▼

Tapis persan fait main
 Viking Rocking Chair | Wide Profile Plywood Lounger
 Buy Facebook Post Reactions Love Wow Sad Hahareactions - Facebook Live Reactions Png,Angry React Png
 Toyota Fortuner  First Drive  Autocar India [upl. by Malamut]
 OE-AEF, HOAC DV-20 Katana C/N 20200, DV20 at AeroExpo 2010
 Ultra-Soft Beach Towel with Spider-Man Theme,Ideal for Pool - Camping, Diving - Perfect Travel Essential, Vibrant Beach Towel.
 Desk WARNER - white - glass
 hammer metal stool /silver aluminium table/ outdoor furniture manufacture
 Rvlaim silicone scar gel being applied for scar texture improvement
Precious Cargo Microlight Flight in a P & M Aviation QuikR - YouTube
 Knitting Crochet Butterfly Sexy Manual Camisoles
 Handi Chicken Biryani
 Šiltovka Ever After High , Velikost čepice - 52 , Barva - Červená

▲

• Description of the task
Set down exactly, and only, the lines of the data above from the line containing "Buy Facebook Post" through the last one.

• Result of this task
 Buy Facebook Post Reactions Love Wow Sad Hahareactions - Facebook Live Reactions Png,Angry React Png
 Toyota Fortuner  First Drive  Autocar India [upl. by Malamut]
 OE-AEF, HOAC DV-20 Katana C/N 20200, DV20 at AeroExpo 2010
 Ultra-Soft Beach Towel with Spider-Man Theme,Ideal for Pool - Camping, Diving - Perfect Travel Essential, Vibrant Beach Towel.
 Desk WARNER - white - glass
 hammer metal stool /silver aluminium table/ outdoor furniture manufacture
 Rvlaim silicone scar gel being applied for scar texture improvement
Precious Cargo Microlight Flight in a P & M Aviation QuikR - YouTube
 Knitting Crochet Butterfly Sexy Manual Camisoles
 Handi Chicken Biryani
 Šiltovka Ever After High , Velikost čepice - 52 , Barva - Červená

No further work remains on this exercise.